# Task directions:
Nothing but the images is to be left out of your exact copy of the entries.

# Extracted data entries:
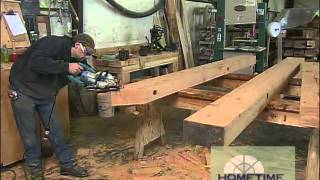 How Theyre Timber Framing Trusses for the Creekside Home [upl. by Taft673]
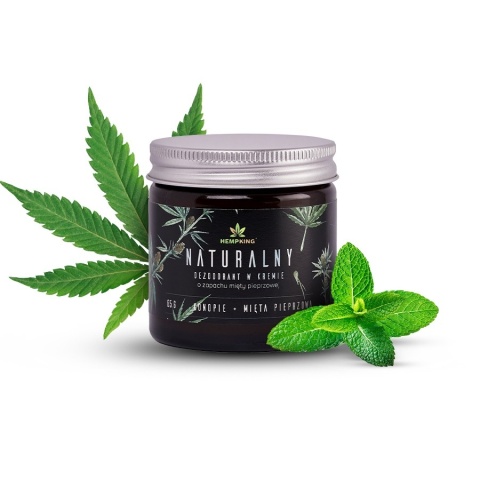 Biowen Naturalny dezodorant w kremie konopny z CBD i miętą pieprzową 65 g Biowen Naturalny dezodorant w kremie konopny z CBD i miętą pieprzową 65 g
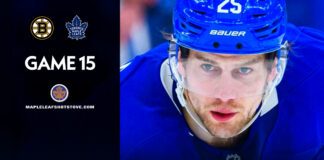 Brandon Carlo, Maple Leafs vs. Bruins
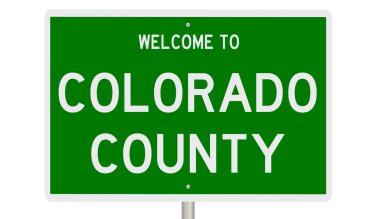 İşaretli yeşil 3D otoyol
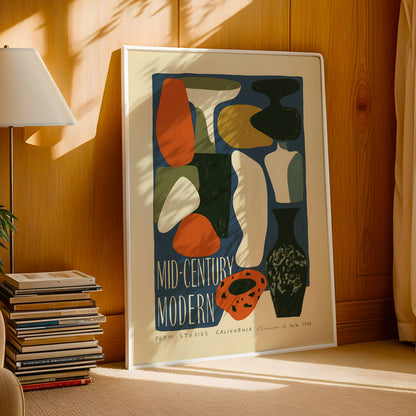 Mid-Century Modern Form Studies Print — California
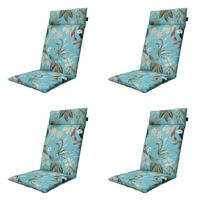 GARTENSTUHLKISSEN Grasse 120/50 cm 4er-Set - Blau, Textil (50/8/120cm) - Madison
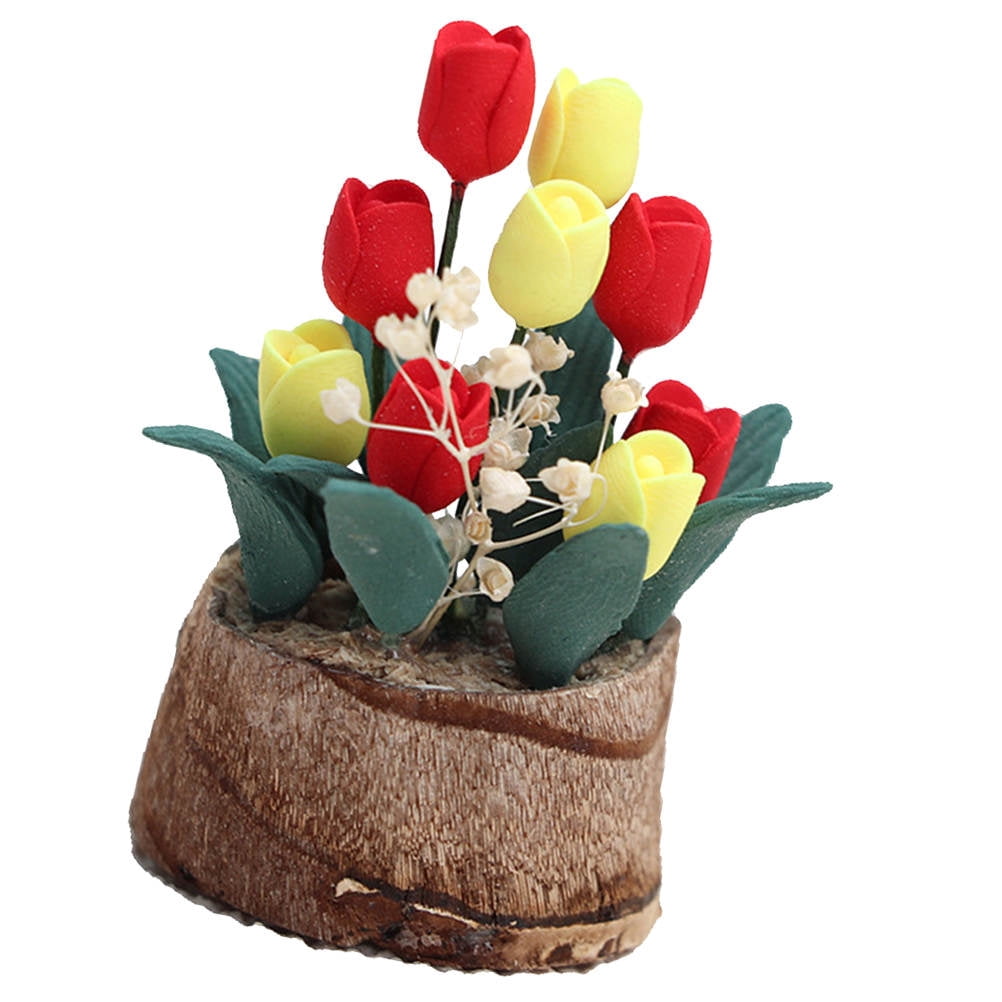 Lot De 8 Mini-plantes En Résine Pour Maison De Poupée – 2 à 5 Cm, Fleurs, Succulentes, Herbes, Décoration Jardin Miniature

# Problem solution:
 How Theyre Timber Framing Trusses for the Creekside Home [upl. by Taft673]
 Biowen Naturalny dezodorant w kremie konopny z CBD i miętą pieprzową 65 g Biowen Naturalny dezodorant w kremie konopny z CBD i miętą pieprzową 65 g
 Brandon Carlo, Maple Leafs vs. Bruins
 İşaretli yeşil 3D otoyol
 Mid-Century Modern Form Studies Print — California
 GARTENSTUHLKISSEN Grasse 120/50 cm 4er-Set - Blau, Textil (50/8/120cm) - Madison
 Lot De 8 Mini-plantes En Résine Pour Maison De Poupée – 2 à 5 Cm, Fleurs, Succulentes, Herbes, Décoration Jardin Miniature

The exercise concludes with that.